Il governo danese sta portando avanti un piano controverso per affittare 300 posti letto nel carcere di Gnjilane, in Kosovo, dove saranno trasferiti gli stranieri colpiti da un ordine di espulsione.
Per 200 milioni di euro, la Danimarca – uno dei paesi più ricchi in Europa – ha concordato il trasferimento in Kosovo – uno dei più poveri – di 300 persone di origini straniere condannate all’espulsione. Il piano rientra nei tentativi del paese per ridurre il sovraffolamento nelle carceri e contrastare la mancanza di personale. A scontare la propria pena in Kosovo, a più di duemila chilometri di distanza, saranno gli immigrati colpevoli di aver commesso dei crimini in Danimarca e che verranno poi rimpatriati nel paese d’origine.
Il precedente piano danese per il trasferimento dei richiedenti asilo in Ruanda ha invece fatto la stessa fine di quello promosso dal precedente governo britannico: entrambi sono stati accantonati. La differenza fondamentale è che l’attuale accordo tra Danimarca e Kosovo riguarda i richiedenti asilo che hanno già ricevuto un “ordine di espulsione”. Al momento non è ancora chiaro come reagirà Bruxelles.
Sebbene ci sia una differenza tra lo status giuridico di un richiedente asilo destinatario di un normale ordine di espulsione e quello di un richiedente asilo condannato all'espulsione per aver commesso un reato, per esempio un furto, il processo politico che ha portato all’accordo con il Kosovo rivela alcune delle difficoltà in cui i governi potrebbero incorrere quando cercano di stringere patti con paesi non appartenenti all'Ue.
Un piano segreto escogitato nel 2021
Sebbene il progetto danese per l’esternalizzazione dei servizi penitenziari sia in corso dal 2021, la stampa straniera ha iniziato ad occuparsene solo recentemente. La firma, a febbraio 2025, di un nuovo accordo di cooperazione tra il ministero della giustizia danese e il governo kosovaro, volto al trasferimento degli immigrati nel carcere di Gnjilane, ha rappresentato un passo decisivo verso la concreta attuazione del piano.
Il piano danese per l’affitto di 300 posti in un carcere poco distante da Pristina, la capitale del Kosovo, è stato rinviato più volte negli ultimi quattro anni. Il progetto ha inoltre ricevuto numerose critiche, in particolare per il timore che i detenuti possano essere maggiormente esposti al rischio di tortura, pratica che, secondo le Nazioni Unite e il Consiglio d’Europa, è molto diffusa nel sistema penitenziario kosovaro.

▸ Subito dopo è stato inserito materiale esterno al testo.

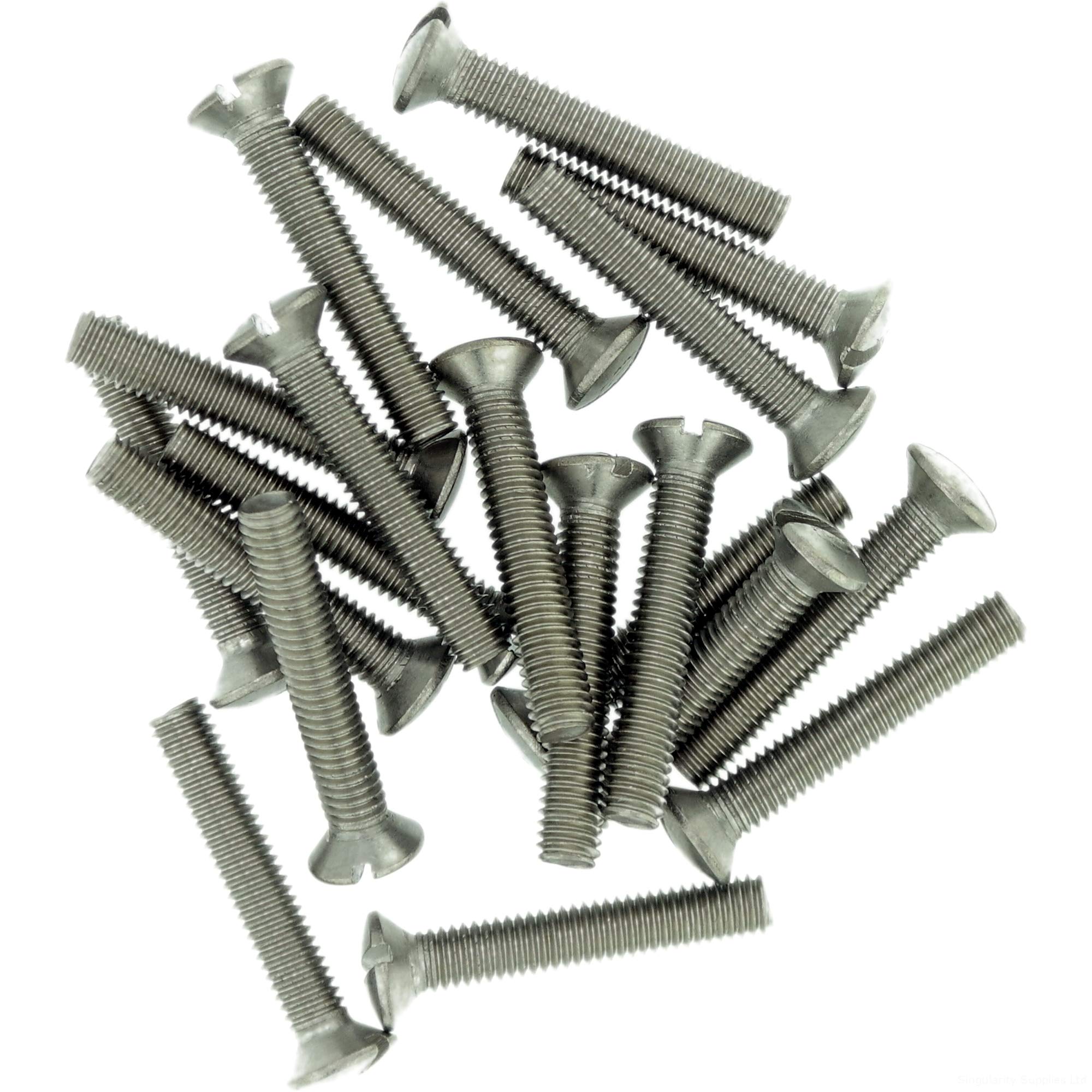 Singularity Supplies M2.5 (2.5Mm X 20Mm) Slot Raised Countersunk Machine Screw (Bolt) - Stainless Steel (A2) (Pack Of 20)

I critici del progetto lo considerano non solo eccessivamente costoso, ma anche disumano, e temono che gli stranieri potrebbero diventare facilmente vittime di abusi e discriminazioni.
Secondo alcuni professori di diritto, l’ambiguità dell’accordo stesso non esclude la possibilità che anche i cittadini danesi possano essere trasferiti in Kosovo per scontare la propria pena. Il patto prevede che “la detenzione avverrà conformemente alla legge danese e agli obblighi internazionali della Danimarca” e avrà una durata iniziale di cinque anni, con possibilità di proroga per altri cinque. In cambio, il Kosovo riceverà un compenso annuale di 15 milioni di euro, a cui si aggiungono ulteriori 5 milioni destinati a lavori di ristrutturazione del carcere per renderlo conforme alle normative danesi.

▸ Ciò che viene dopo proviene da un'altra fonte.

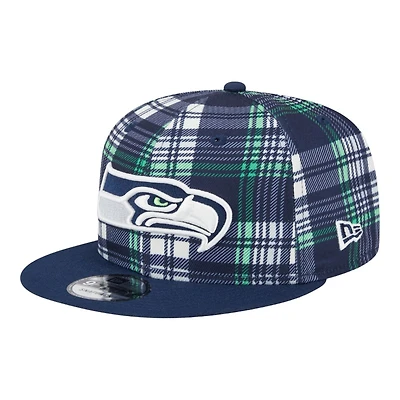 Seattle Seahawks 2024 Sideline Statement Plaid New Era 9FIFTY Snapback Hat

Appena 24 ore dopo la pubblicazione del testo dell’accordo, il governo danese ha proclamato il proprio impegno “a favore dello sviluppo [del Kosovo] in materia di transizione ecologica e diritti umani” attraverso il versamento di un contributo annuale di 45 milioni di corone danesi (circa 6 milioni di euro) provenienti dal bilancio danese per gli aiuti esteri. Il governo ha negato l’esistenza di una correlazione tra i due accordi.
“In Kosovo le carceri sono già sovraffollate”

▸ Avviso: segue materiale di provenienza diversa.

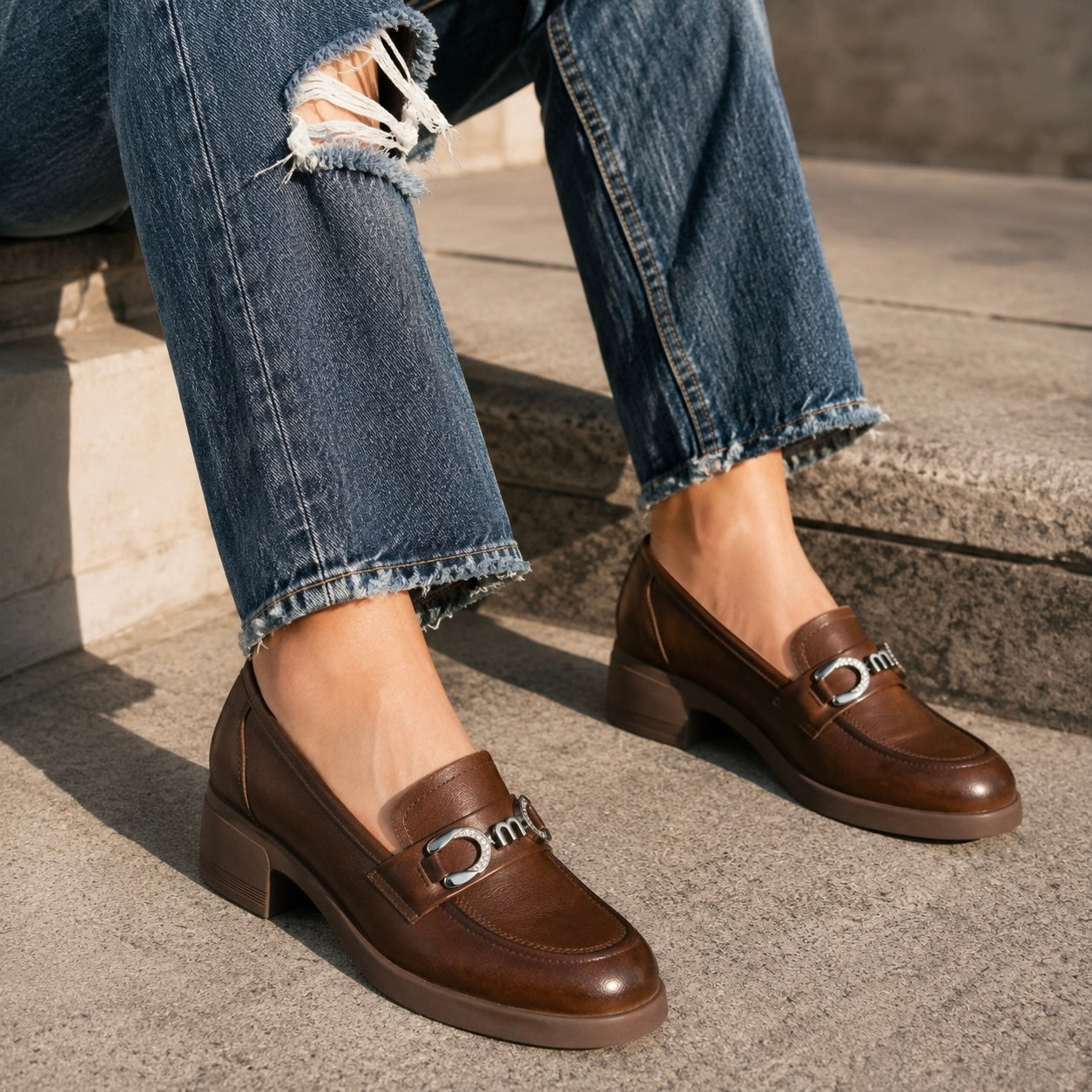 Kelly Premium Leather Mid Heel Loafers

Inizialmente, il trasferimento dei primi detenuti in Kosovo era previsto per lo scorso anno, ma il progetto è stato rinviato più volte e, secondo il nuovo accordo di cooperazione, i lavori di ristrutturazione del carcere non saranno ultimati prima del 2027. “Sembra quasi una truffa” avevano affermato la scorsa primavera alcuni esponenti dei Democratici Danesi (conservatori) e dell’Alleanza Liberale, quando il parlamento kosovaro non aveva ancora approvato la cessione dei posti letto nelle sue carceri alla Danimarca. L’accordo è stato poi ratificato poco tempo dopo, ma a oggi – a quattro anni dalla presentazione del piano e dopo il versamento di diversi milioni di corone danesi a Pristina – non è ancora stato fatto alcun passo concreto verso la sua realizzazione.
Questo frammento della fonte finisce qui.